The older and larger banks do not have to work hard enough to win and retain customers.

Time for change

To address these concerns, the CMA is looking to implement a package of reforms that it believes will benefit personal and small business customers, and create a more competitive financial services sector. Chief among these measures is a requirement for all banks to implement what the CMA calls ‘open banking’ by 2018. It claims this will help accelerate technological change in the UK retail banking sector, primarily through the development and implementation of an open API standard for banking.

Ultimately, such a move will allow customers, including business owners, to share their data securely with other banks and third parties. This, in turn, should lead to the creation of new services that are tailored to the specific needs of customers. According to the report, these could include:

Levelling the playing field
Levelling the playing field:

The CMA says it's too easy for the established high-street banks to win and retain customers

As part of the reforms, banks will also be required to publish objective and trustworthy information about the quality of their service online and in branches, so customers can compare them with their current bank.
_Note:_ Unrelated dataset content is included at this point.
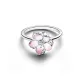 Pandora Δαχτυλίδι Λουλούδι Ασημί Ροζ 194371C01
They will also be obliged to send out ‘prompts’ on the closure of a local bank branch or an increase in charges, as well as regular reminders to customers to review their current banking arrangements. Finally, banks will have to introduce a monthly maximum charge (MMC) on unarranged overdrafts and notify customers when they go overdrawn, something that many banks do already.

Encouraging customers to switch banks

The CMA revealed that only 3% of personal customers and 4% of business customers switch to a different bank every year, with 90% of business owners getting their business loans from their main bank. Meanwhile, over half of startups open their current account at the bank where the business owner has their personal account.
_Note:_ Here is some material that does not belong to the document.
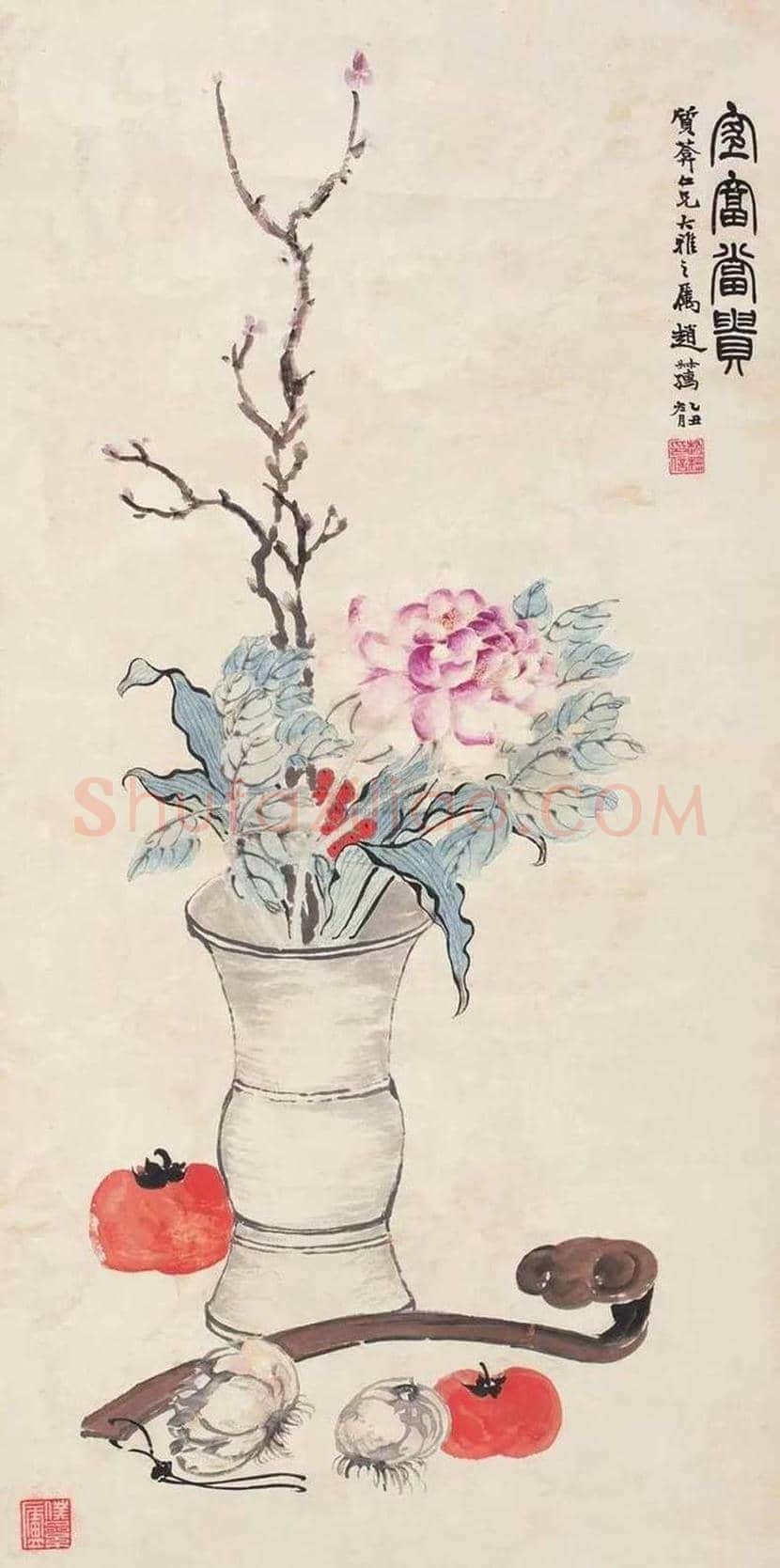 赵叔孺花鸟画欣赏 | 书画科普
However, in its report, the CMA says personal customers could save an average of £92 per year by switching provider, while small business owners could see annual savings of around £80. In order to encourage people to switch accounts to other providers, the CMA will increase the number of services offered by the Current Account Switch Service (CASS) and run a promotional campaign to raise awareness of the programme.

Furthermore, in a move that could make it easier for SMES to secure business loans, customers will be able to ask current account providers for a copy of their transaction history after closing their account. It follows an initiative launched by the treasury in 2013 – and which is expected to be implemented soon – that aims to improve access to SME credit data for credit reference agencies, challenger banks and alternative finance providers.

The power of innovation

The CMA is also backing the launch of innovation charity NESTA’s ‘challenge prize’, which is encouraging the creation of innovative and commercially sustainable comparison services that will allow small businesses to compare the price, quality of service and lending criteria of a wide range of funding providers. Under the reforms, all banks that provide services to small businesses will be required to provide both financial backing and technical support to the NESTA project.

We are breaking down the barriers which have made it too easy for established banks to hold on to their customers. Alasdair Smith

Mike Cherry, national chairman of the Federation of Small Businesses (FSB), added: “Today’s banking market does not work well for small businesses. The CMA’s recommendations will help to create a more customer focussed retail banking market by tackling some of the challenges small firms face.”

It remains to be seen how big an impact these reforms will have but with many fintech startups already showing what can be achieved by applying a touch of tech to traditional banking, this could certainly end up being a successful shake-up for small businesses.